Technical data

Optimizing with MACRO-32
In the following examples, an I represents instruction issue time and an E
represents instruction execution time. A series of periods represents wait
time in the arithmetic unit for deferred instructions. Notice that these
are not exact timing examples, since they do not correspond to individual
instruction timings, but are for illustration purposes only.
In Example 3–1 the execution of the VLDL instruction does overlap the
VVADDL instruction because there is no conflict in the destination vector
registers, V3 and V1, for the add and load respectively.
Example 3–1 Overlapped Load and Arithmetic Instructions
VVADDL V1,V2,V3 IEEEEEEEE
VLDL base,#4,V1 IEEEEEEEEEEEEEE
3.5.1 Maximizing Instruction Execution Overlap
Three important hardware features help to maximize instruction overlap
in the load/store unit. First, a load or store instruction can execute in
parallel with up to two arithmetic instructions, provided the arithmetic
instructions are issued first. Second, the chain into store sequence can
reduce the perceived execution time of a store instruction. Finally, early
detection of no memory faults allows scalar-to-vector communications to
overlap with load or store instruction execution.

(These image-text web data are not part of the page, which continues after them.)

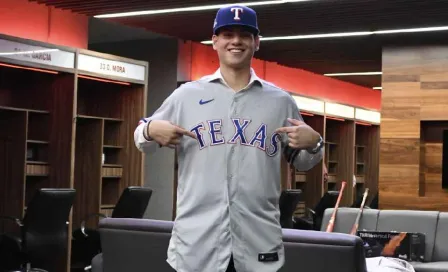 Ángel Arredondo, beisbolista mexicano, firma contrato con los Texas Rangers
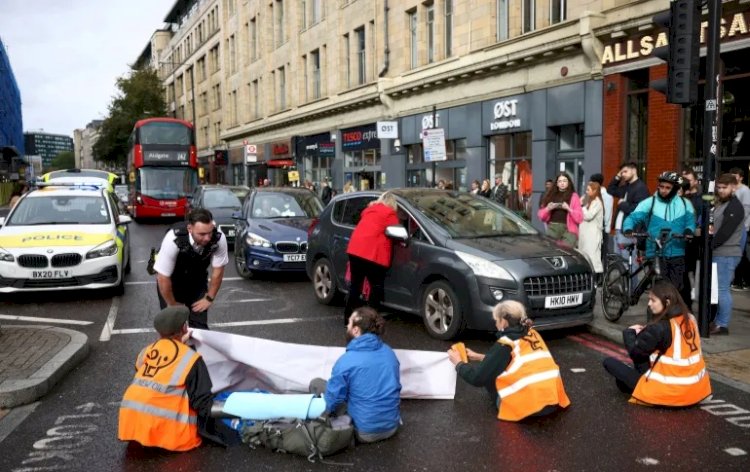 UK: Government To Make It Easier For Police To Stop Protests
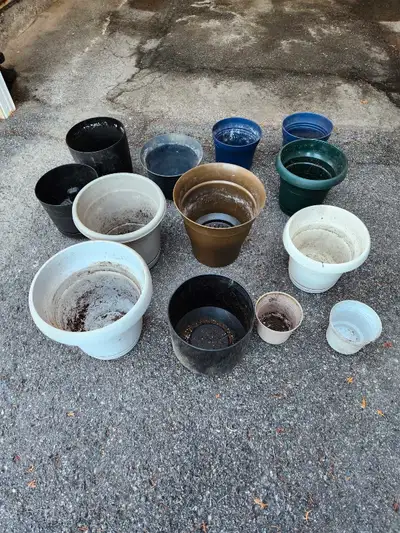 13 Plastic Plant Pots Various Sizes and Colours, View more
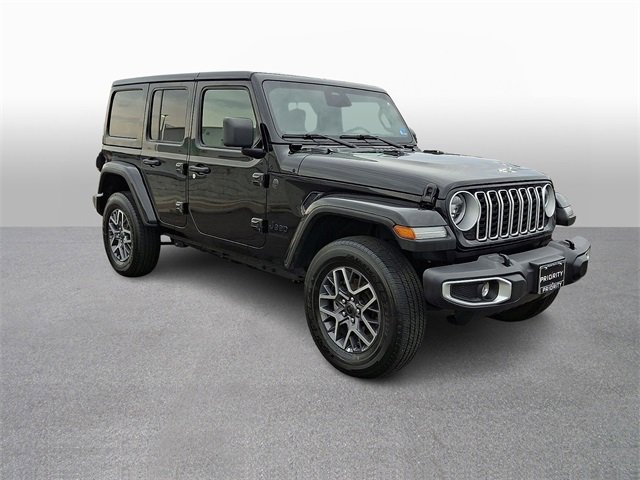 Used 2025 Jeep Wrangler Sahara image 3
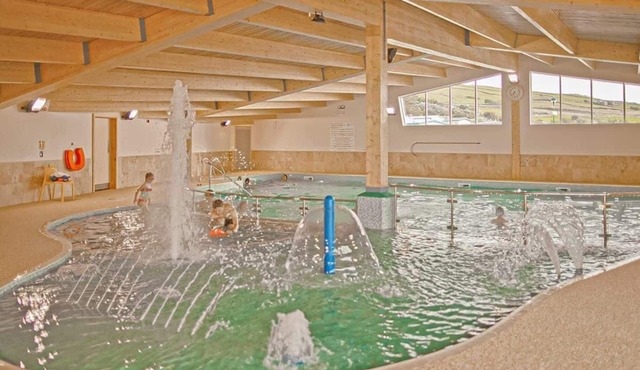 Additional sleeping for two in the lounge area.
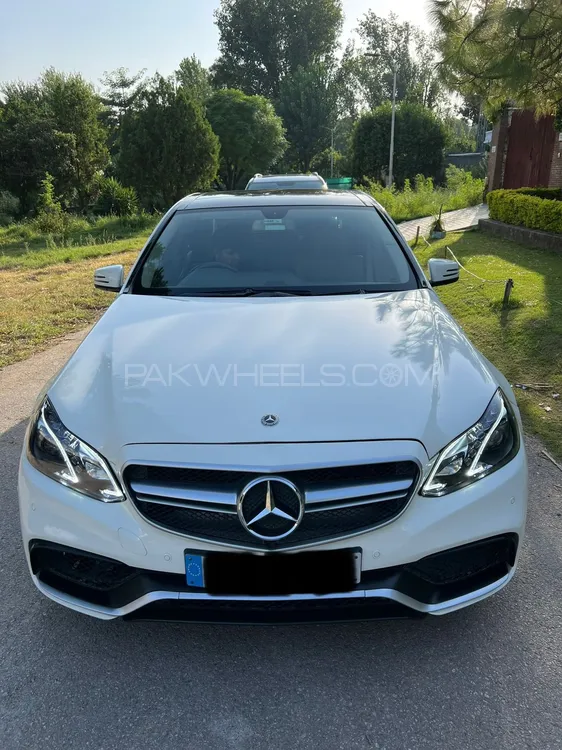 Mercedes Benz E Class 2011 for Sale in Islamabad Image-1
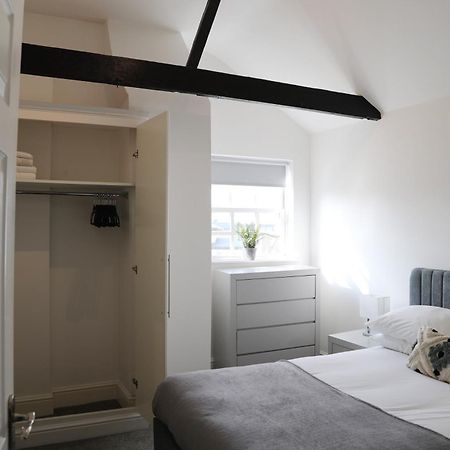 Letting Serviced Apartments - Guards View, Windsor Esterno foto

In the first instruction sequence in Example 3–2 there is little overlapping
of instructions, whereas in the second sequence the VVMULL and the
second VLDL instructions overlap and require less total time to complete
execution. The only difference between the two instruction sequences
is the order in which they are issued. Because the VVMULL does not
require the result of the second VLDL and can precede that instruction, a
significant reduction in execution time is achieved.
Another effective way to maximize the overlap of load/store instructions is
to precede, wherever possible, all load and store instructions by at least
two arithmetic instructions. In this way both the load/store pipeline and
the arithmetic pipeline will be in use.
3–16